The Cape Girardeau Jaycees have proposed a special one-year tax levy for construction of a new juvenile detention home and facilities on the Cape County Farm on Highway 61; the organization will present the proposal to the Cape County Court for placement on the November general election ballot.
A controversy between Scott City's newly-hired dogcatcher and the mayor is giving canines the run of the city for at least a week; John Kosharek, hired June 5 by the Scott City Council as a part-time dogcatcher, was "temporarily released" from his duties yesterday; while Kosharek says he was fired for "carrying out the orders of the mayor" in instructing all dog-owning residents that city leash laws would be enforced, Mayor Clifford Campbell says he ordered the dogcatcher's release because of the "diplomacy he was using to talk with people."
Despite near 90-degree heat, about 50 members of the Cape Girardeau Chamber of Commerce, most of them business men who spend much of their ordinary working day inside, lugged themselves on foot over hundreds of acres of farmland yesterday afternoon during a tour sponsored by the agriculture committee; four farms are visited during the day: Schonhoff Dairy on Gordonville Road and the A.H. Kieninger farm, the Henry Lichtenegger farm and the M.C. Kieninger farm, all near Pocahontas.
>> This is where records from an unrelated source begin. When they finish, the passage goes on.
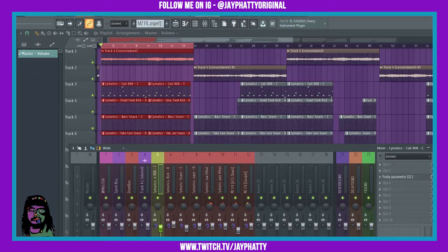Yo, what's good everybody, my name is Jay Fatty. Welcome back to another video. In this video I'm going to show you the new features they added to the Parametric EQ2 in FL Studio 20.8.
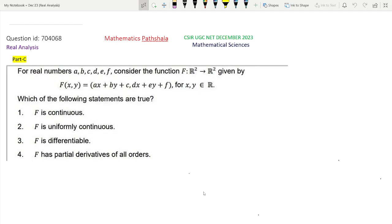Hello everyone. Welcome to our channel Mathematics Partsala. This is a problem of CSIR-NET December 2023 Mathematical Sciences, Real Analysis Part C. The question ID is 704068. This is a problem from Calculus in Rn.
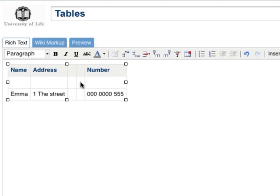If you want to delete a column, place your cursor in the column that you want to remove and click on the Remove Column button.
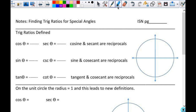We're going to look at the trig ratios and how they're defined. We've got cosine and secant — they are reciprocals. Sine and cosecant are reciprocals. Tangent and cotangent are reciprocals.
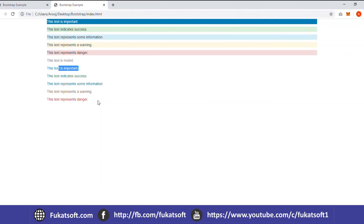Next, we will see how we use the tables in Bootstrap.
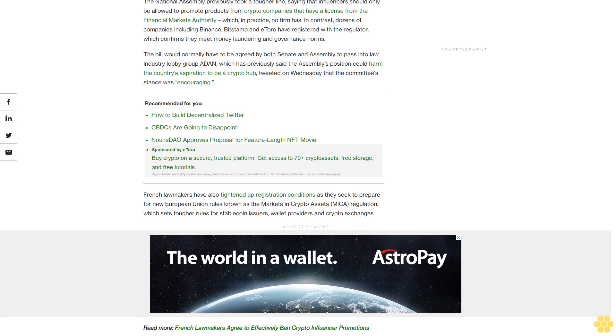French lawmakers have also tightened up registration conditions as they seek to prepare for new European Union rules known as the Markets in Crypto Assets (MiCA) regulation, which sets tougher rules for stablecoin issuers, wallet providers, and crypto exchanges.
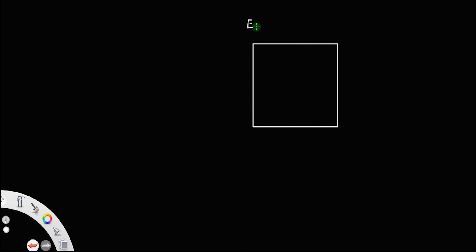Now, let us derive a relationship between the polarization and surface charge density. For that, let us consider a dielectric slab, a rectangular dielectric slab like this. Initially, let us take the case where the external electric field is 0, that is no field is applied.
Upstream floodwaters, racing toward Cape Girardeau in full force, will reach here Monday with a crest of 38 1/2 feet, only 2 1/2 inches below the April 30 crest; such a flow of water will place the river in practically the same places it reached during the April flood, which closed stores on lower Main Street and backed up to the Independence-Spanish street intersection.
The Rev. M.J. LeSage, pastor of St. Vincent's Catholic Church, delivers the commencement address at St. Vincent's Young Ladies Academy in the evening, praising the teachers and students for the work they accomplished this term; literary honors and diplomas are conferred upon Elizabeth Wickham, Elode Medley and Mildred O'Brien for having completed their high school work.
Bohumir Kryl and his band entertain a large audience at the Chautauqua in the evening; with the possible exception of William Jennings Bryan, the band is the big drawing card of the course; Kryl's band is a national institution, being known principally in state fair circles; for several years it has been the leading attraction at the Missouri State Fair.